Suppose I had a bunch of images of people drinking soda (from a can) and your job was to classify if they were drinking Coke or Pepsi. I think it would be hard to argue that F is a better measure here than accuracy: how would I choose which one is "positive." Now, suppose the task were to distinguish between Coke and Diet Dr. Pepper. Coke is clearly going to be the majority class here (by a long shot), but I still feel that F is just the wrong measure. Accuracy still seems to make more sense. Now, suppose the task were to distinguish between Coke and "anything else." All of a sudden, F is much more appealing, even though Coke probably isn't much of a minority (maybe 30%).

What seems to be important here is the notion of X versus not-X, rather than X versus Y. In other words, the question seems to be: does the "not-X" space make sense?

Let's consider named entity recognition (NER). Despite the general suggestion that F is a bad metric for NER, I would argue that it makes more sense than accuracy. Why? Because it just doesn't make sense to try to specify what "not a name" is. For instance, consider the string "Bill Clinton used to be the president; now it's Bush." Clearly "Bill Clinton" is a person. But is "Clinton used"? Not really. What about "
Bill the"? Or "Bill Bush"? I think a substantial part of the problem here is not that names are rare, but that it's just not reasonable to develop an algorithm that finds all not-names. They're just not well defined.

This suggests that F is a more appropriate measure for NER than, at least, accuracy.

One might argue--and I did initially myself--that this is an artifact of the fact that names are often made up of multiple words, and so there's a segmentation issue. (The same goes for the computer vision problem of trying to draw bounding boxes around humans in images, for which, again, F seems to make more sense.)

But I think I've been convinced that this isn't actually the key issue. It seems, again, that what it boils down to is that it makes sense to ask one to find Entities, but it doesn't make sense to ask one to find non-Entities, in the same way it it doesn't make sense to ask one to find non-Cokes.
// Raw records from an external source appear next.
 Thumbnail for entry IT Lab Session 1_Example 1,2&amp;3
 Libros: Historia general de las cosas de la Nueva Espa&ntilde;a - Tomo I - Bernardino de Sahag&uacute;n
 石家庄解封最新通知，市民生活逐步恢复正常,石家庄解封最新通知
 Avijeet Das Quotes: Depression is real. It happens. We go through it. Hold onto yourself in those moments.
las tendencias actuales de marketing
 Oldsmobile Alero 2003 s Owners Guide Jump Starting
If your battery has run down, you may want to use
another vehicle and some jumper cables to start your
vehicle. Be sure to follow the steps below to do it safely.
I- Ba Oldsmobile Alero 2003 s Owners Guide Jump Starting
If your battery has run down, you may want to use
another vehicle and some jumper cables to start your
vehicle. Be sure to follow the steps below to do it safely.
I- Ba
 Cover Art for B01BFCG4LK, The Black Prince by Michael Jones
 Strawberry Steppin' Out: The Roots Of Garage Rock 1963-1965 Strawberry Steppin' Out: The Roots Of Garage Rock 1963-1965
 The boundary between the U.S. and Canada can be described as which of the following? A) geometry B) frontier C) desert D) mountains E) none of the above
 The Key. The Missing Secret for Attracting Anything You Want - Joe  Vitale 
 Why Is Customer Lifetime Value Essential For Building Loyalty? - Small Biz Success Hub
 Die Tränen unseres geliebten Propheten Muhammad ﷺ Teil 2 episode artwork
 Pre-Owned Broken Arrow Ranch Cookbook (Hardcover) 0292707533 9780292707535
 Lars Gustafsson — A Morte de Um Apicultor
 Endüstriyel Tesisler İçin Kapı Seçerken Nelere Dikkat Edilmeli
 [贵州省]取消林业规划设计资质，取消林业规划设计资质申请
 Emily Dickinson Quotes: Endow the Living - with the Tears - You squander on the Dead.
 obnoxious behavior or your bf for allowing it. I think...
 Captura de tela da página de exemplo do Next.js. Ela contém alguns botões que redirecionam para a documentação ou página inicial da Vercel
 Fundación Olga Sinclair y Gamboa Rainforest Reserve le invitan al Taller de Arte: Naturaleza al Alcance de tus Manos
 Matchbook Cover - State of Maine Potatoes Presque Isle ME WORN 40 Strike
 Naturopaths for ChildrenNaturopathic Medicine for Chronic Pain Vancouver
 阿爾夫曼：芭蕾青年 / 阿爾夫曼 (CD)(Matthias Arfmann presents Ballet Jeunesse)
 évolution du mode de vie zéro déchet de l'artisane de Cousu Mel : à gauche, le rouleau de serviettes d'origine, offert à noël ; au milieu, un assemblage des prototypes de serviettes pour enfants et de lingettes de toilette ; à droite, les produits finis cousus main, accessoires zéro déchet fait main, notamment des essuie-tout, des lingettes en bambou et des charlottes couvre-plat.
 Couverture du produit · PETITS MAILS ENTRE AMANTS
(Of course, in my heart of hearts I believe that you need to use a real--i.e., type 4--evaluation metric, but if you're stuck without this, then perhaps this yields a reasonable heuristic.)


  1. I think F-measure makes sense only if precision and recall make sense. At least that's how I think about it.

  2. The ROC curve and the AUC (Area Under the ROC Curve) metric can be used for cases where one of the classes is rare, as a more robust alternative to the F-measure.

    When there is no clear definition for members of the population for the "negative" class, a Free-Response ROC curve (and the derivative metrics) can be used instead.

  3. Although F-measure is only defined in terms of true positive (TP), false positive (FP) and false negative (FN), in a real evalaution, true negatives (TN) come into play as follows.

    Suppose you have an algorithm that is 90% accurate on positive cases. Then for every 100 positive test cases, you find 90 TPs and 10 FNs. Next, suppose the algorithm's only 80% accurate on negative cases. That means, for every 100 negative test cases, you get 80 TNs and 20 FPs.

    Now let's see what happens to precision and recall as the balance of positive and negative test cases changes. With 100 positive and 100 negative test cases, you get TP=90, FN=10, TN=80, FP=20, for precision=TP/(TP+FP)=90/(90+20) and recall=TP/(TP+FN)=90/(90+10).

    Next consider 100 positive and 1000 negative cases. This leads to TP=90, FN=10, TN=800, FP=200. Recall remains 90/100, but precision is now a measly 90/(90+200). As the number of negative cases grow, the rejection accuracy remains the same, 80%, but the precision drops precipitously.

    In search, it's basically impossible to precisely measure recall in a large doc set. With sampling, you can sometimes get close. TREC restricts its evals to the top N documents returned by the participants. Docs not returned by anyone may be relevant, but are not considered in their evaluations. Thus we don't really know corpus-level recall, just recall on the set of docs returned in the top N (typically 1000) of at least one search engine.

    In any case, point estimates are not so useful in non-bakeoff contexts. What's more useful is precision/recall curves (not area or average or maximum summary statistics). That's because some apps need high precision at low recall (e.g. typical web search) and others need high precision at high recall (e.g. intelligence analysts).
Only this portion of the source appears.